Casual listeners of the music of Ottorino Respighi (The Pines of Rome, The Fountains of Rome, The Birds) are generally inclined to consider his style a product of the 19th Century with thematic suggestions and color from Renaissance, pre-Baroque, and Baroque music. Many are amazed to learn that his professional life was completely in 20th Century—born 1879, died 1936. However, instead of sounding old-fashioned or dated, his music sparkles with the life and vividness that those other periods suggest, but with a solid modernity that sets them apart.
Deeply interested in older music, Respighi drew on Renaissance and Baroque tunes and styles in three suites composed in 1917, 1923, and 1932, titled Ancient Airs and Dances. The third of these, heard on Sunday’s concert, was arranged for strings only and was influenced by lute and guitar pieces by Besard, Ludovico Roncalli, Santino Garsi da Parma and other anonymous composers.
Although the Respighi and the closing Tchaikovsky Serenade for Strings bookend the concert with strings-only works, woodwinds have a notable featured spot as well. KSO Principal Oboe Claire Chenette will join the chamber orchestra for Mozart’s Oboe Concerto in C Major, K. 314. In a similar fashion with other Mozart works for solo instruments, the composer recycled the concerto as the basis for his Flute Concerto No. 2 in D Major in an attempt to offer it as a new work to the flutist Ferdinand de Jean, who had commissioned a number of flute pieces. Although the oboe version was performed heavily around the years of its composition, the score was subsequently lost and Mozart’s subterfuge went undiscovered until the score was found in Salzburg in 1920.

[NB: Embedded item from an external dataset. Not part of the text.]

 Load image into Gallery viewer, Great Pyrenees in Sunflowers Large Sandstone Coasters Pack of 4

Although Tchaikovsky’s Serenade for Strings in C Major, Op. 48, was written in 1880 at the same time as his 1812 Overture, the two works have little in common save their notable popularity. Of the serenade, Tchaikovsky wrote: “… I wrote from inner compulsion. This is a piece from the heart, and so, I venture to hope that this work is not without artistic qualities.”

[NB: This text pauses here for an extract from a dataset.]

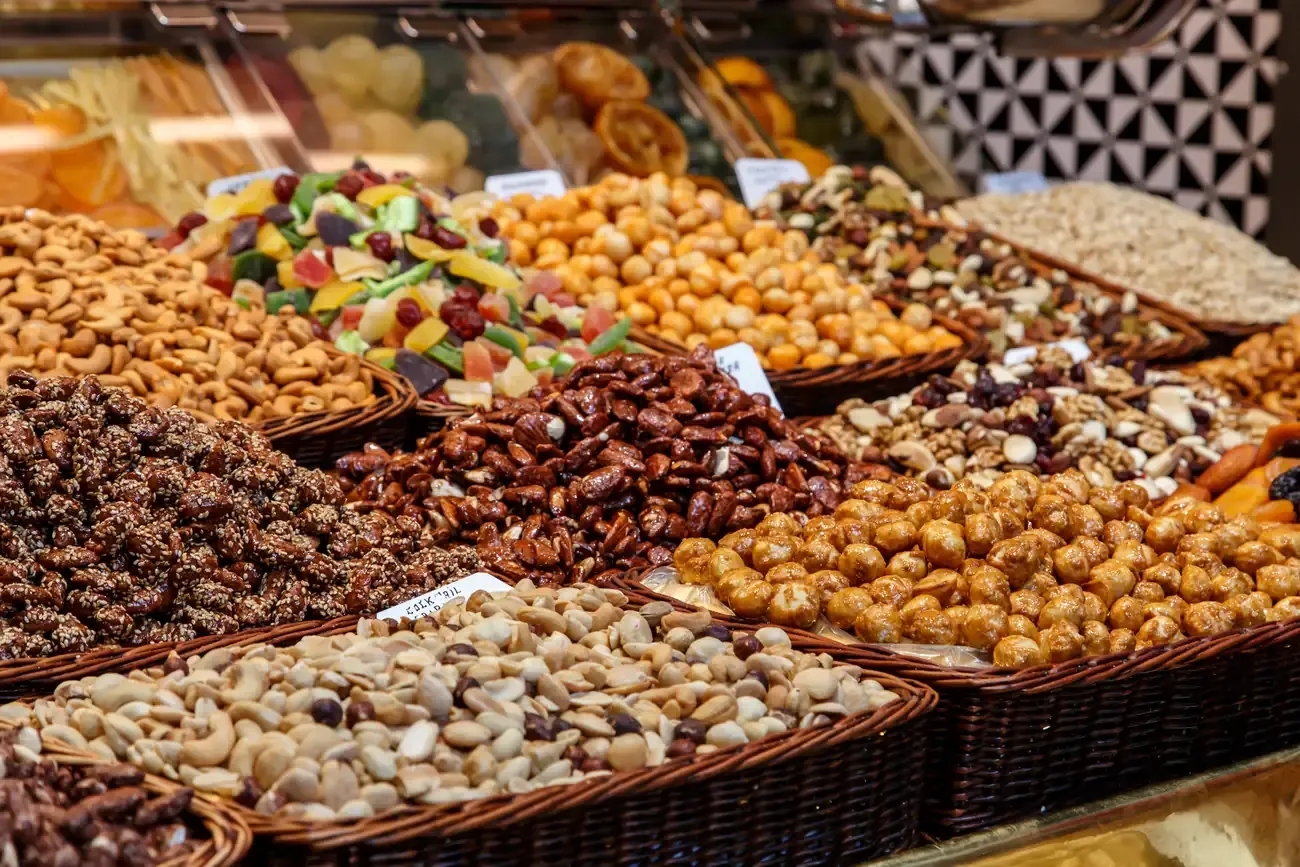 A dried fruit stall at La Boqueria market in Barcelona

The work is in four movements: 1) Pezzo in forma di sonatina: Andante non troppo — Allegro moderato; 2) Valse: Moderato — Tempo di valse; 3) Élégie: Larghetto elegiaco; and 4) Finale (Tema russo): Andante — Allegro con spirito. The emotional center of work, though, comes from the elegiac third movement, one of the most beautiful sections of music in Tchaikovsky’s work.
Knoxville Symphony Chamber Orchestra: “Tchaikovsky Serenade for Strings”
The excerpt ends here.